1

Suppose we have a loop:

for i = 1:1000
    A
    B
    C
end

... and I wish to find out the CPU usage spread.

A, B, C are MatLab statements not functions, so (IIUC) I can't use the profiler.

Also in reality I have a dozen lines to cover.

The obvious long-winded way would be:

s = zeros(50, 1);
t = cputime;

for ...
    A
    s(1) = s(1) + (cputime-t);  t = cputime;
    B
    s(2) = s(2) + (cputime-t);  t = cputime;
    :

... which isn't too bad, I suppose.

But can it be improved upon?


I thought of doing:

t = zeros(50, 1);
e(t,0); % reset
for i = 1:1000
    A
    e(1);
    B
    e(2);
    C
    e(3);
end

... with:

function e(t, k)
    if k==0
        last_cputime = cputime;
        return
    end
    t(k) = t(k) + (cputime-last_cputime);
    last_cputime = cputime;
end

But it doesn't see t, so I have to pass that.
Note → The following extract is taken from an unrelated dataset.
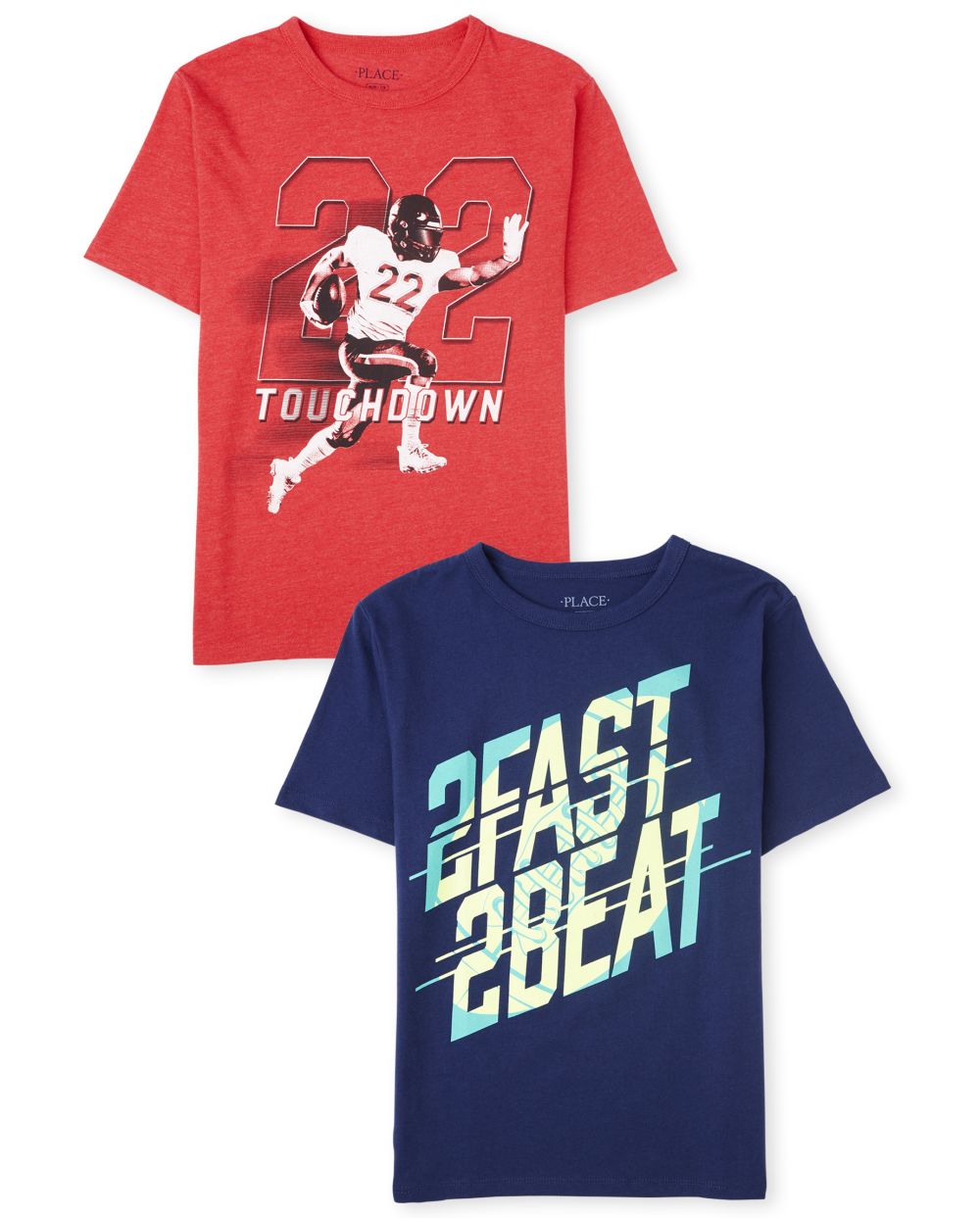 Boys Short Sleeve Sports Graphic Tee 2Pack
Also it doesn't remember last_cputime between invocations, so I need to pass that as well.

So e(last_cputime,t,1)

It's rather ugly. I experimented with using an in-line function:

e = @(k) eval( 't(k) = t(k) + (cputime-last_cputime);  cputime = last_cputime;' );

But I couldn't get this working either:

K>> t = zeros(3,1)
t =
     0
     0
     0


K>> eval( 't(1) = 3' )
t =
     3
     0
     0


K>> e = @(k) eval( 't(k) = 3;' )
e =
  function_handle with value:

    @(k)eval('t(k) = 3;')


K>> e(1)
Attempt to add "t" to a static workspace.
 See Variables in Nested and Anonymous Functions.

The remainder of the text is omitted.